The series had a rotating group of directors, including Al De Caprio, Stanley Prager, and series creator Nat Hiken. Filming was done both on location and at Biograph Studios in the Bronx.

Synopsis
The series follows the adventures of New York City Police Department officers Gunther Toody (badge #1432) (Joe E. Ross) and Francis Muldoon (badge #723 and #1987 in early episodes) (Fred Gwynne), assigned to Patrol Car 54. Toody is short, stocky, nosy, and not very bright, and he lives with his loud, domineering wife Lucille (Beatrice Pons). College-educated Muldoon is very tall, quiet, and more intellectual.
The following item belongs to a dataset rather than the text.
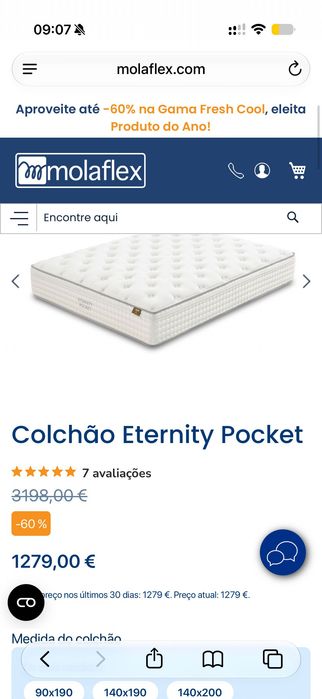 Colchão Molaflex Eternity Pocket King Size 180x200 cm – Como Novo | Apenas 3 meses de uso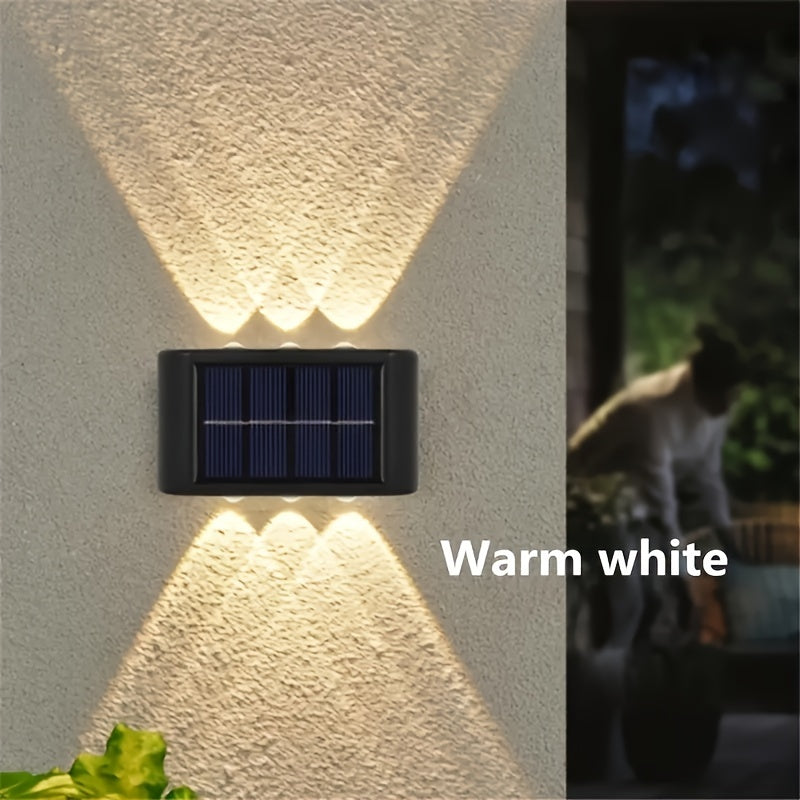2 luces solares para pared, estilo nórdico, iluminación exterior para hogar y jardín, fácil instalación, ahorro de energía (blanco/ámbar)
A shy bachelor, he lives with his mother and two younger sisters. He is reluctant to get married. 

Much of the series is set in the station house, with commanding officer Captain Block (Paul Reed) ordering his men to answer neighborhood police calls or investigate baffling cases that have stymied the force at large. Toody and Muldoon often blunder into these cases, encountering the criminals accidentally and proceeding on a wrong assumption. By sheer perseverance, inadvertence, and luck, Toody and Muldoon bring each case to a successful conclusion.

Cast
Joe E. Ross as Officer Gunther Toody
Fred Gwynne as Officer Francis Muldoon
Beatrice Pons as Lucille Toody
Al Lewis as Officer Leo Schnauser
Charlotte Rae as Sylvia Schnauser
Hank Garrett as Officer Ed Nicholson
Paul Reed as Capt. Paul Block
Bruce Kirby as Officer Kissel
Jimmy Little as Sgt. Jim McBride
Joe Warren as Officer Steinmetz
Nipsey Russell as Officer Anderson
Ossie Davis as Officer Omar Anderson
Frederick O'Neal as Officer Wallace
Jim Gormley as Officer Nelson
Albert Henderson as Officer Dennis O'Hara
Ruth Masters as Mrs. Muldoon, Francis's mother
Patricia Bright as Mrs. Claire Block
Martha Greenhouse as Rose, Lucille's sister
Nathaniel Frey as Sergeant Abrams
Jerome Guardino as Officer Antonnucci

Episode list

Production
Many of the scripts were written by Nat Hiken, who won an "Outstanding Directorial Achievement in Comedy" Emmy Award for his work on the series. 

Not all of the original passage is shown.